McAdams was suspended without pay the following month and banned from campus, and in March of this year he was told by university president Michael Lovell he could not return to teaching unless he wrote a letter acknowledging that his behavior had been reckless and incompatible with Marquette values and that he feels deep regret for the harm he did to the instructor.
On Monday, McAdams and the Wisconsin Institute for Law & Liberty filed a lawsuit in Milwaukee County Circuit Court, claiming breach of contract.

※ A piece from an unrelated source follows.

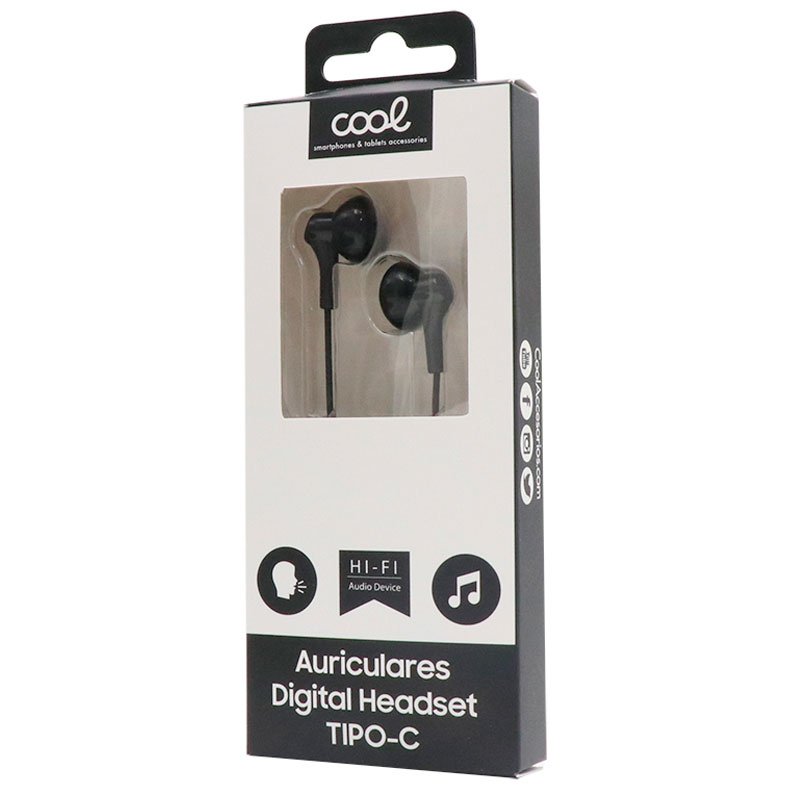 Auriculares Botón COOL Stereo Tipo-C Con Micro (Digital) Negro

Now, Marquette would never be mistaken for Catholic University of America, in which faculty members are, to some degree, required to stick with traditional church teachings. One example: Years ago, when the United States Conference of Catholic Bishops put sexuality on their agenda, Marquette ethicist Daniel Maguire told me: "When pelvic issues come up, the bishops get nervous … [but] the bishops are growing up and debating the issues. And it shows that the laity ought to grow up and debate, too." So the university should be accustomed to people breaking political correctness.
A pat on the back for the Post's respectful effort to retell competing arguments. For instance, it says the university argues that McAdams was bullying a student, while he says she was acting as an instructor at the time of the incident. The 1,600-word piece also quotes the lawsuit, plus a release from the professor and an email from a university spokesman. Also a report from the Faculty Hearing Committee and a statement from the student president, pulled from the campus newspaper. In a sign of our journalism times, apparently the only live quote is from the professor's lawyer.
That's also the article's big drawback; one phone call and a lot of canned stuff. I see no attempt to contact the undergraduate student or the graduate-student instructor who shut him up. The students aren’t even named, even though the graduate student -- Cheryl Abbate -- is named in the legal complaint as well as the report of the Faculty Hearing Committee, both linked from the Post story. But the student she shut up is named in the latter only as "JD." Both students' names are important. Those accused of wrongdoing have a right to face their accusers.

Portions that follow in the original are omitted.